[32641] in Perl-Users-Digest


home	help	back	first	fref	pref	prev	next	nref	lref	last	post
Perl-Users Digest, Issue: 3917 Volume: 11

daemon@ATHENA.MIT.EDU (Perl-Users Digest)
Sun Apr 7 05:17:27 2013

Date: Sun, 7 Apr 2013 02:17:09 -0700 (PDT)
From: Perl-Users Digest <Perl-Users-Request@ruby.OCE.ORST.EDU>
To: Perl-Users@ruby.OCE.ORST.EDU (Perl-Users Digest)
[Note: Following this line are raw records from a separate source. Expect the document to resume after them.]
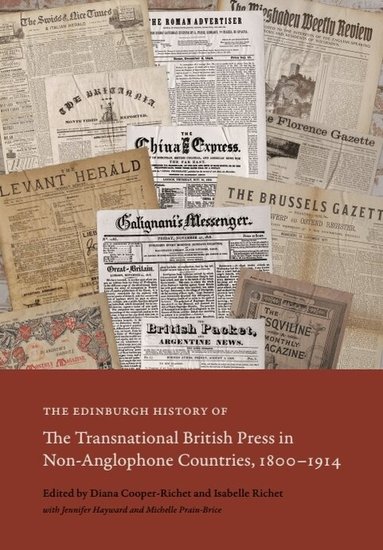 Diana Cooper-Richet, Isabelle Richet, Jennifer Hayward, Michelle Prain-Brice - Edinburgh History of the Transnational British Press in Non-Anglophone Countries, 1800–1914, Inbunden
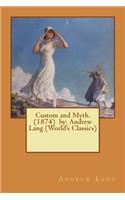 Custom and Myth. (1874) by: Andrew Lang (World's Classics)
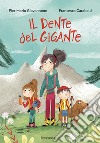 Il Dente del Gigante libro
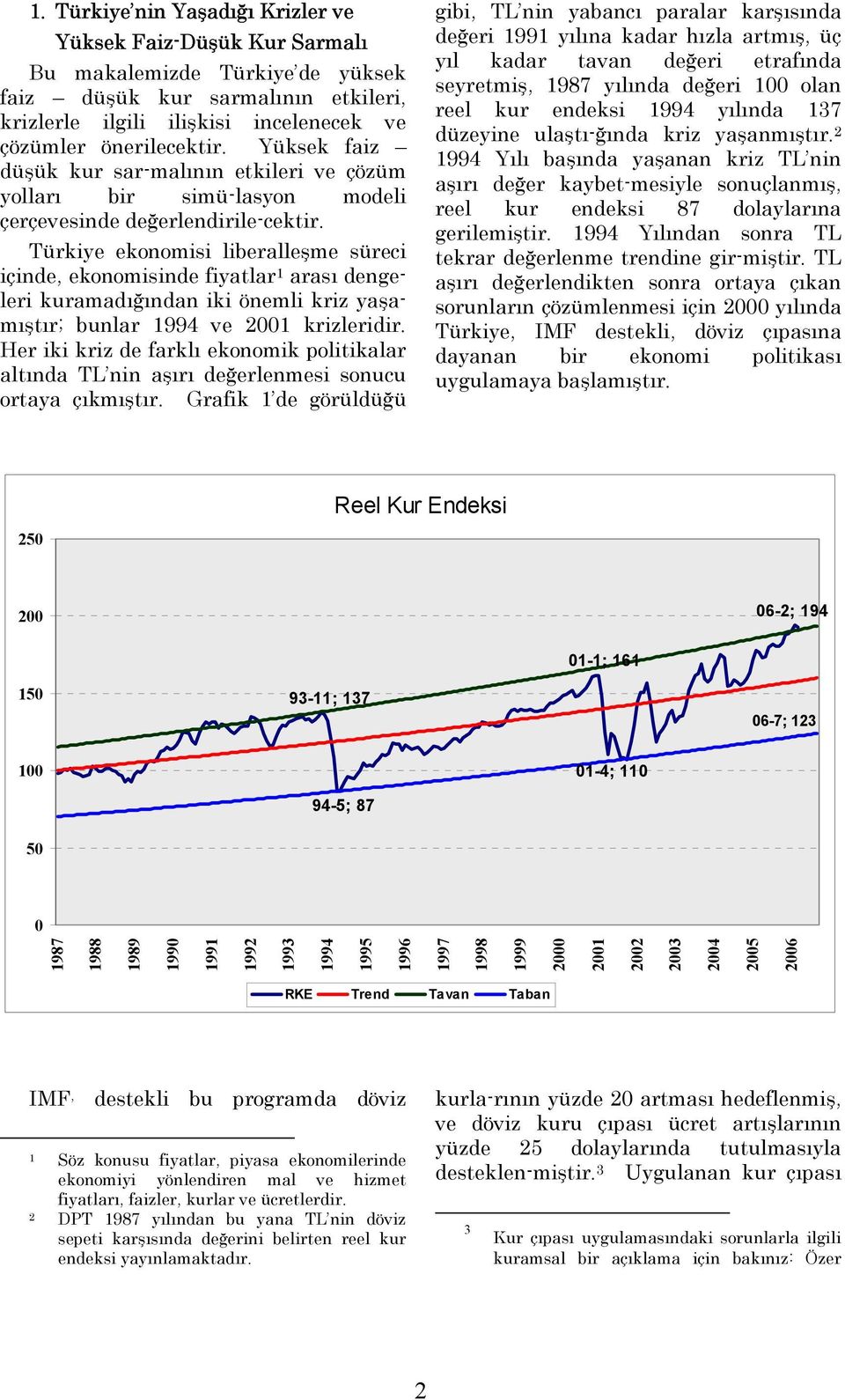 Türkiye ekonomisi liberalleşme süreci içinde, ekonomisinde fiyatlar 1 arası dengeleri kuramadığından iki önemli kriz yaşamıştır; bunlar 1994 ve 21 krizleridir.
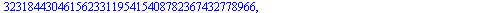 [5352897438417868990374339487327289546626362037698197110896159904528802305317812670388409185667057800959961010146502672510977103504669552341192247976021611246032318443046156233119541540878236743277896...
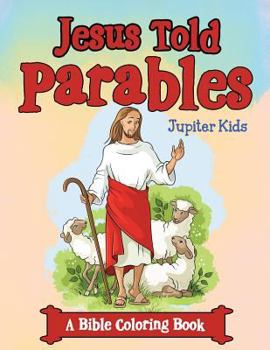 Paperback Jesus Told Parables (A Bible Coloring Book) Book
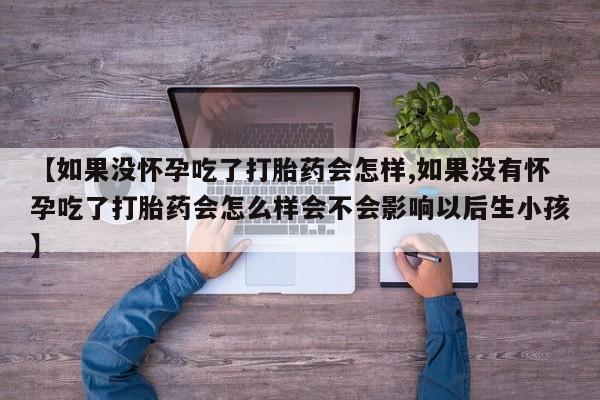 打胎药购买【如果没怀孕吃了打胎药会怎样,如果没有怀孕吃了打胎药会怎么样会不会影响以后生小孩】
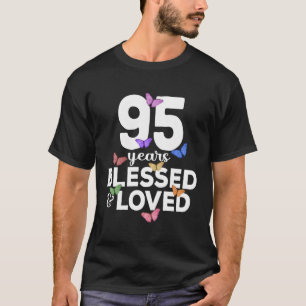 95 Years Blessed And Loved Butterfly 95Th T-Shirt
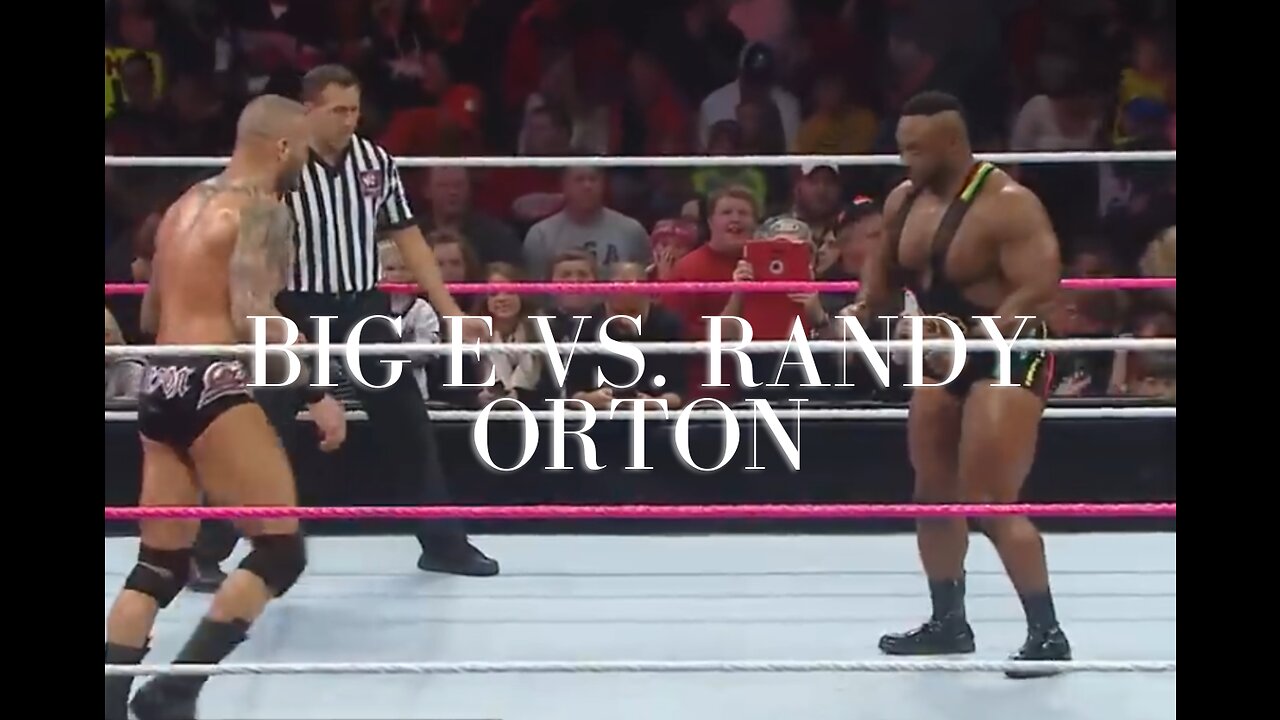 Big E vs. Randy Orton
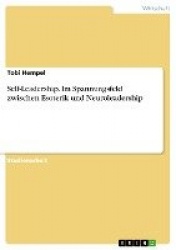 Self-Leadership. Im Spannungsfeld zwischen Esoterik und Neuroleadership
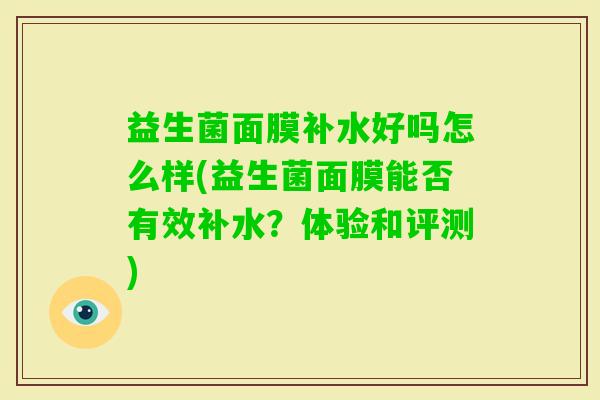 益生菌面膜补水好吗怎么样(益生菌面膜能否有效补水？体验和评测)
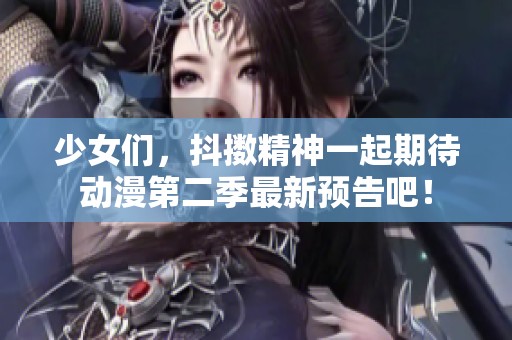 少女们，抖擞精神一起期待动漫第二季最新预告吧！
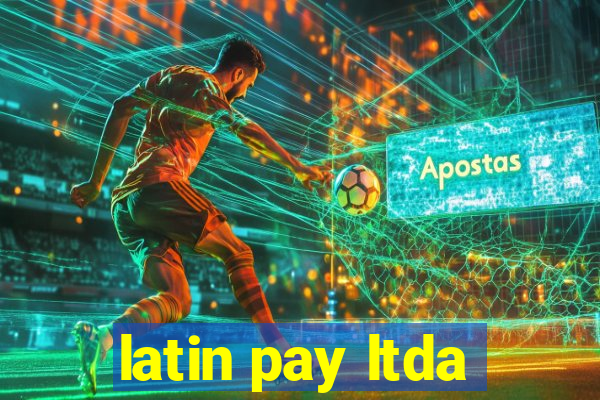 latin pay ltda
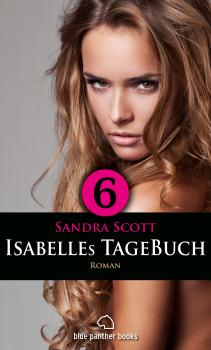 Скачать Isabelles TageBuch - Teil 6 | Roman - Sandra Scott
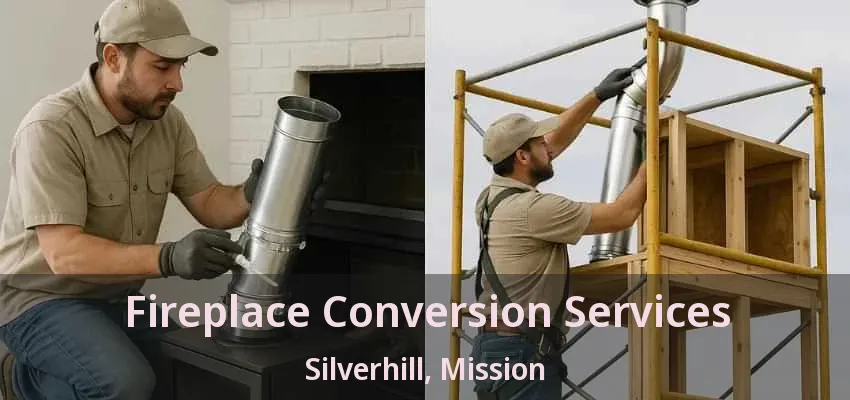 Fireplace Conversion Services Silverhill, Mission - BC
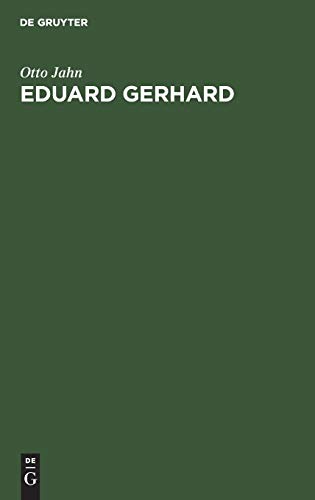Eduard Gerhard: Ein Lebensabriß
Perl-Users Digest           Sun, 7 Apr 2013     Volume: 11 Number: 3917

Today's topics:
        "walk over," and XPath-based substitutions? <oneingray@gmail.com>
    Re: "walk over," and XPath-based substitutions? <droesler@comcast.net>
    Re: "walk over," and XPath-based substitutions? <keshlam.cat.nospam@verizon.net>
    Re: reporting bugs <oneingray@gmail.com>
        Digest Administrivia (Last modified: 6 Apr 01) (Perl-Users-Digest Admin)

----------------------------------------------------------------------

Date: Sat, 06 Apr 2013 11:32:11 +0000
From: Ivan Shmakov <oneingray@gmail.com>
Subject: "walk over," and XPath-based substitutions?
Message-Id: <871uanx5c4.fsf@violet.siamics.net>

	[Cross-posting to news:comp.text.xml, yet omitting it from
	Followup-To:, for I'm primarily interested in Perl-based
	solutions.]

	Is there an easy way to invoke a particular code for each of XML
	nodes that satisfies an XPath expression out of a certain list?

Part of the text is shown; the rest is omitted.